Film podejmuje jeszcze wiele pobocznych tematów. Stawia pytanie kiedy należy odmówić wykonania rozkazu kierując się własnym systemem moralności. Jak typowa bajka kończy się jasno nakreślonym morałem. Ten jednak poprzedza krwawa tragedia. Obraz pokazuje również dylemat kobiety, która walczy o wolność swojego narodu na swój własny sposób – bez broni.
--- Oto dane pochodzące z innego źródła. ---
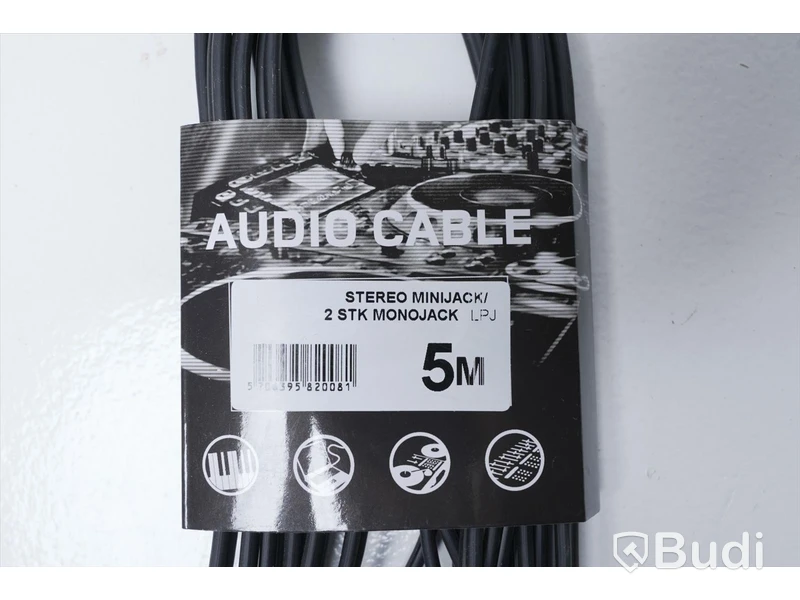 Audio Kabel 3st - Supreme Stereo Minijack/2 STK Monojack, olika längder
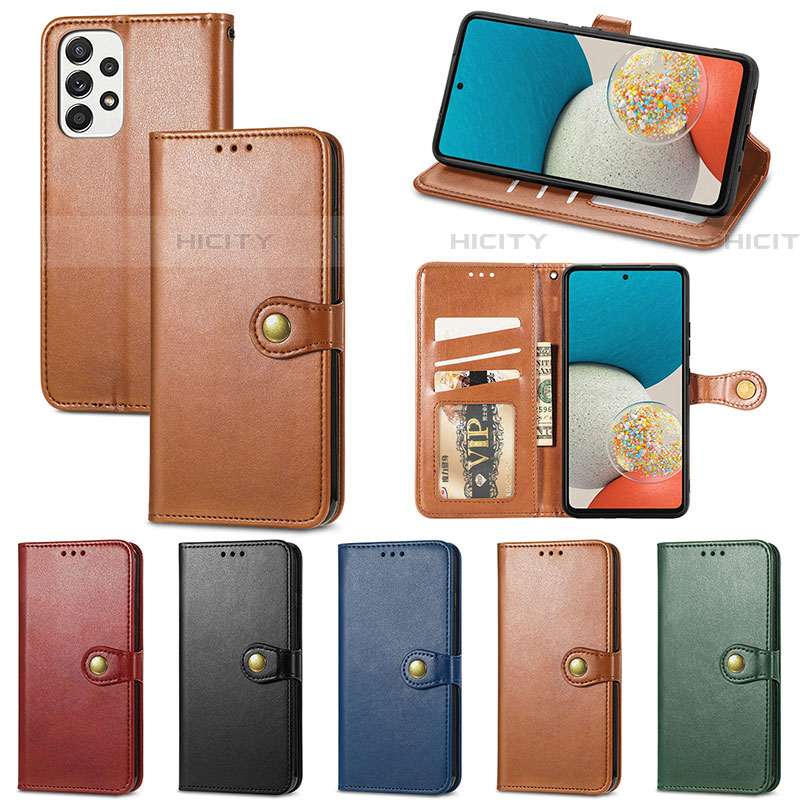 Coque Portefeuille Livre Cuir Etui Clapet S05D pour Samsung Galaxy A53 5G Plus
Takich wątków wymieniać można bardzo wiele. Bo główną zaletą Labiryntu Fauna nie są demoniczne postaci i brutalne sceny. Główną zaletą tego filmu jest to, że rzuca widza w labirynt problemów ważnych dla współczesnego świata. A te, choć przybrane w historyczno-fantastyczny kostium, wydają się nad wyraz aktualne również dzisiaj. A może zwłaszcza dzisiaj.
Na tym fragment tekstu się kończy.